Helen Aguirre Ferre, the communications director for Florida Gov. Ron DeSantis, said on Twitter that it’s the right move. “With possible wind gusts of 40 mph, it is best for public safety to reopen on Monday. It’s also common sense,” she tweeted Thursday night.
The full Friday afteroon statement from the NHC:
1. Data from the Air Force Hurricane Hunters and satellite images indicate that the low pressure system located just off the coast of east-central Florida has become better defined today. In addition, the associated showers and thunderstorms continue to gradually organize. If these trends continues, advisories will likely be initiated on this system as a tropical or subtropical depression later today. Later in the weekend and early next week, the system is expected to move generally northeastward over the western Atlantic near or east of the Carolinas.

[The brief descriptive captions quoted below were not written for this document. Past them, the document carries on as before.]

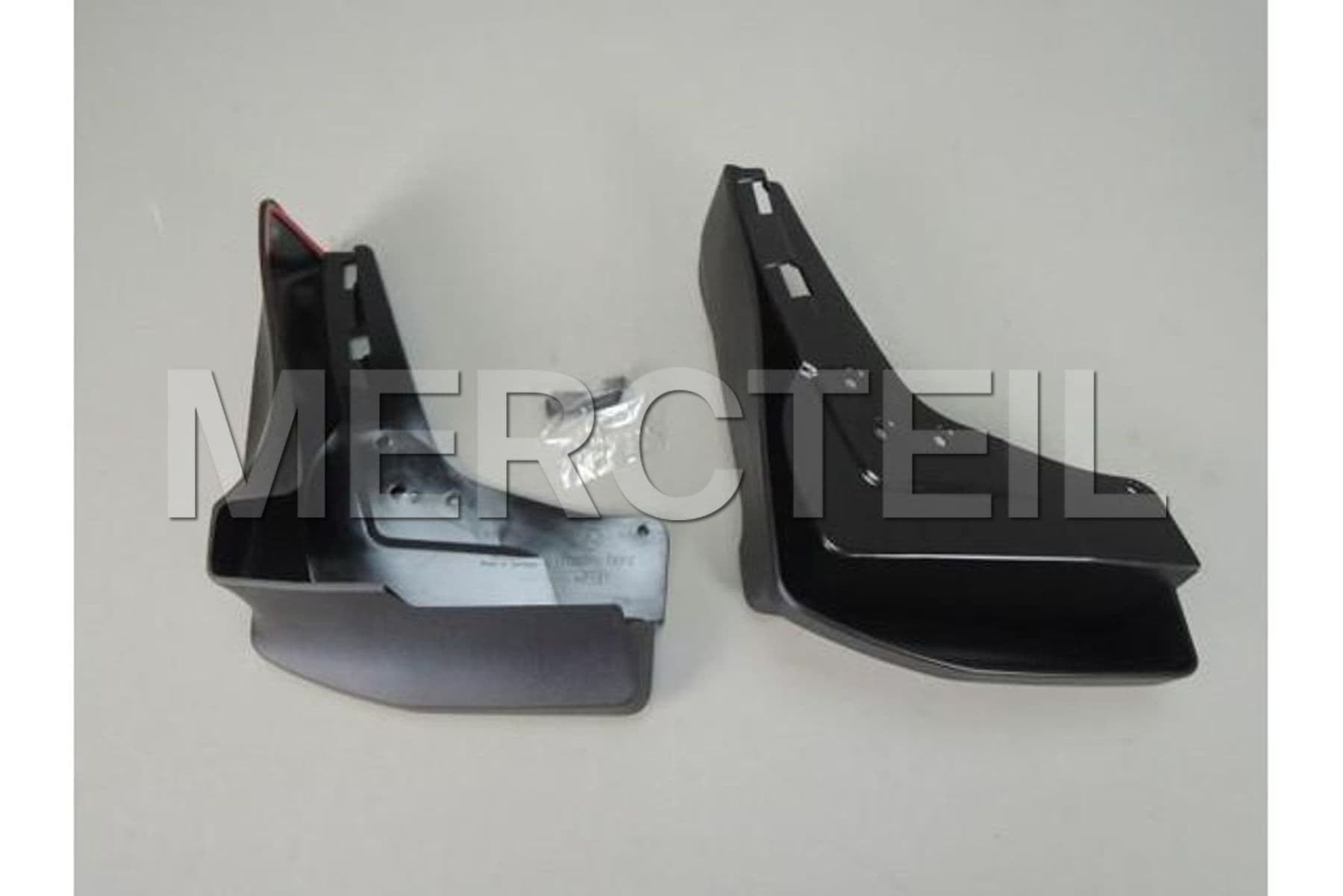 A1668900578 MERCEDES-BENZ MUD FLAP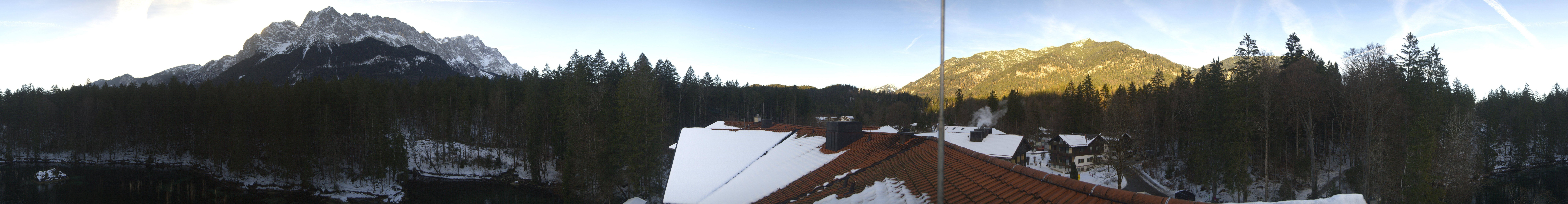 Archiv Foto Webcam Grainau: Zugspitzblick vom Hotel am Badersee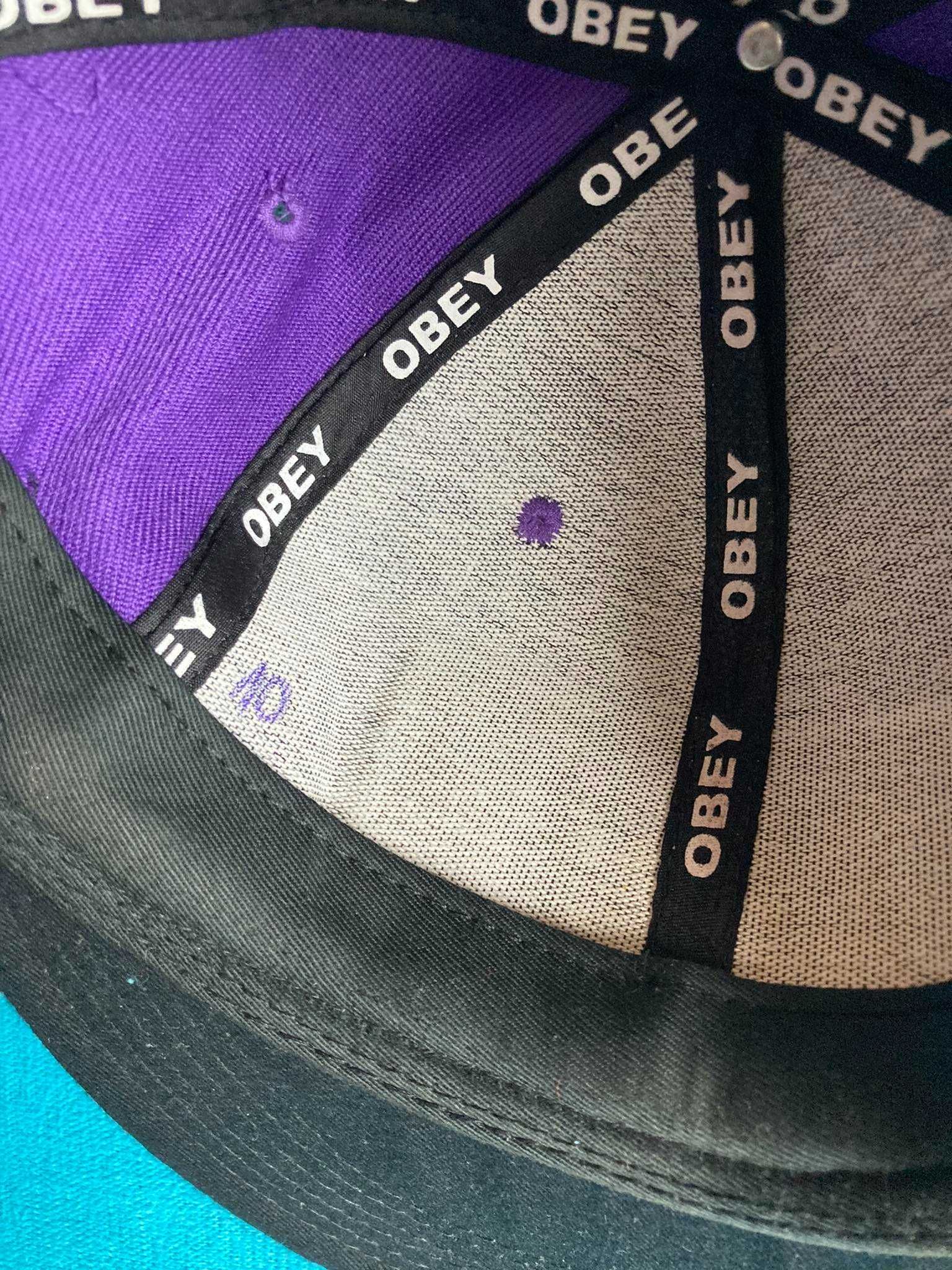 Czapka z daszkiem Obey roz. uniwersalny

The system will continue to bring gusty winds and locally heavy rains across portions of east-central Florida through tonight. Interests near the North Carolina coast should closely monitor the progress of this system, as it could produce gusty winds and heavy rains there on Monday, and a tropical storm watch will likely be issued for that area later today. In addition, hazardous marine conditions will spread northward during the next few days, likely causing dangerous surf and rip currents along much of the southeast and mid-Atlantic coasts of the U.S. See products from your local National Weather Service office for more details. Another Air Force Reserve Hurricane Hunter aircraft is scheduled to investigate the system this evening. The next Special Tropical Weather Outlook on this system will be issued by 9 PM EDT today, or earlier if needed.
* Formation chance through 48 hours...high...near 100 percent.

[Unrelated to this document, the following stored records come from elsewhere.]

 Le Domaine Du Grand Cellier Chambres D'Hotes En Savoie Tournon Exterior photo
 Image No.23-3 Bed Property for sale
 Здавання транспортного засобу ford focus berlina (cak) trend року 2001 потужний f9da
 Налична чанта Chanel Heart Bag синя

* Formation chance through 5 days...high...near 100 percent.
There will be minimal impact on weather in Northeast Florida beyond higher surf and risk for rip currents along our beaches. Saturday may have a few more clouds and a tiny chance for a shower, it’s only a small (20%) chance. We may see an isolated shower or two as a mostly dry cold front pushes through our area. Winds will be out of the northeast around 15-20 mph.
Temperatures will top out in the mid-80s. Sunday looks warmer, with temperatures starting in the mid-60s and warming into the upper 80s under mostly sunny skies. Winds will be out of the northeast at just under 10 mph.
Monday the 90s are back in the forecast with plenty of sunshine and light winds.